What is being asked —
The entries that follow need to be printed exactly as they are, minus any pictures.

Data provided —
= Beginning of Section =
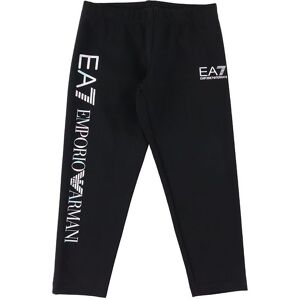 Ea7 Leggings - 3/4 - Sort M. Pastel - Ea7 - 12 År (152) - Leggings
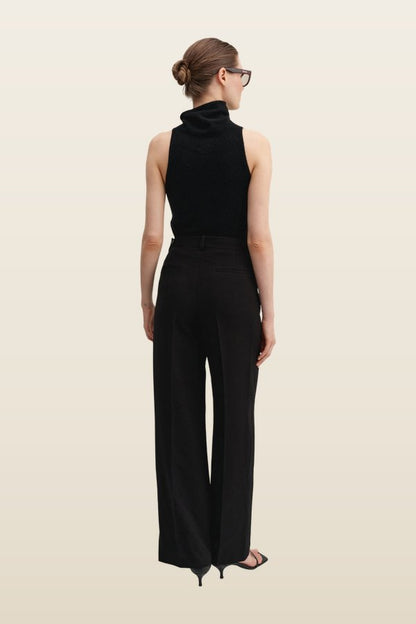 Bella Trousers, — model back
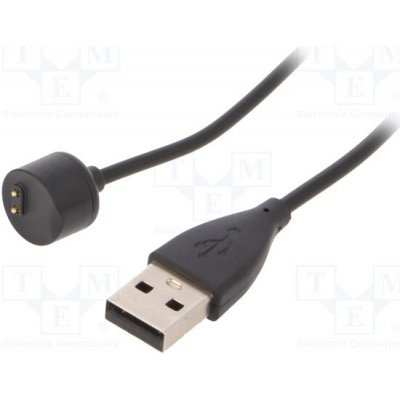 AKYGA AK-SW-14 Kabel: pro nabíjení chytrých hodinek; 0,5m; Xiaomi Mi Band 5; 1A – Zboží Živě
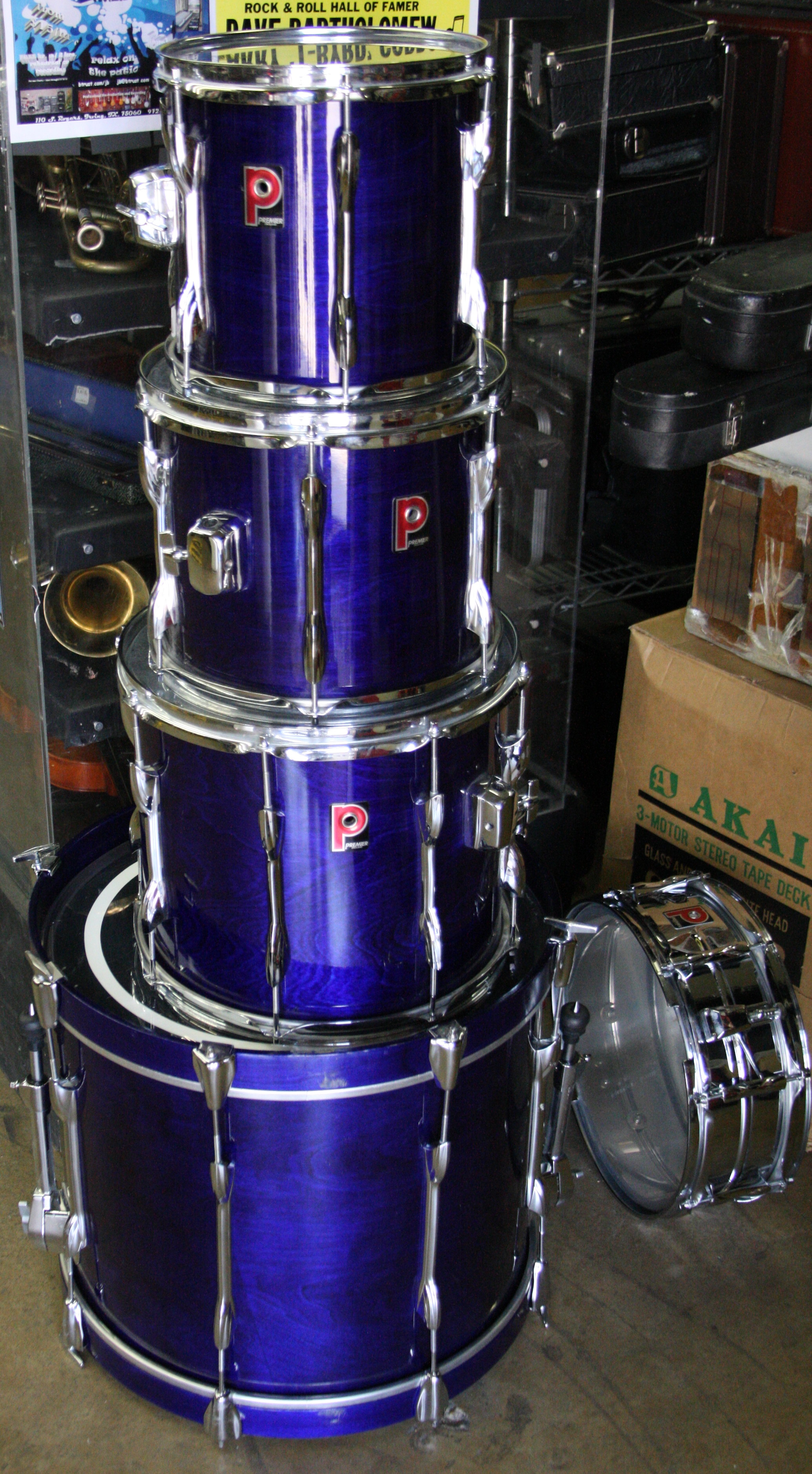 Premier England Drums XPK Fusion Drum Shells! eBay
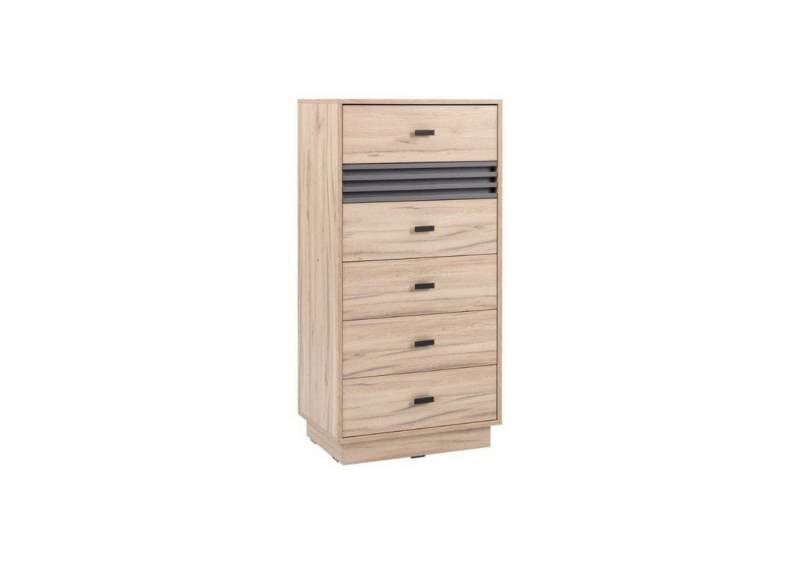 Deine Möbel 24 Kommode ALL 18 Kommode mit Schubladen 60 cm (Set, 1 St., Hochkommode), Jugendzimmer von Deine Möbel 24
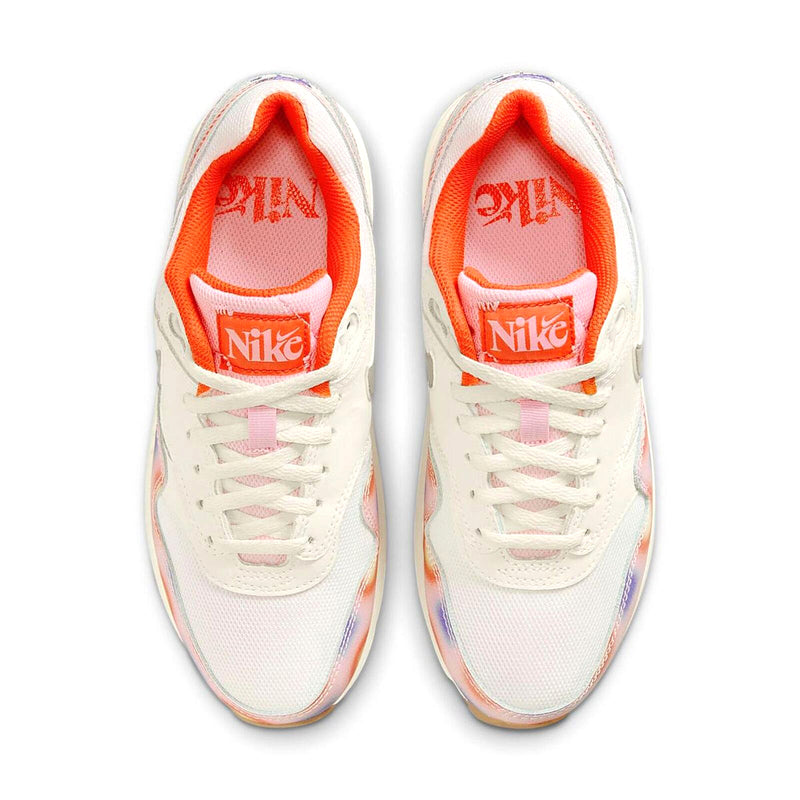 Big Kid's Air Max 1 Sail/Football Grey-Blue Joy (FN7287 100)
= End of Section =
Output for this task —
 Ea7 Leggings - 3/4 - Sort M. Pastel - Ea7 - 12 År (152) - Leggings
 Bella Trousers, — model back
 AKYGA AK-SW-14 Kabel: pro nabíjení chytrých hodinek; 0,5m; Xiaomi Mi Band 5; 1A – Zboží Živě
 Premier England Drums XPK Fusion Drum Shells! eBay
 Deine Möbel 24 Kommode ALL 18 Kommode mit Schubladen 60 cm (Set, 1 St., Hochkommode), Jugendzimmer von Deine Möbel 24
 Big Kid's Air Max 1 Sail/Football Grey-Blue Joy (FN7287 100)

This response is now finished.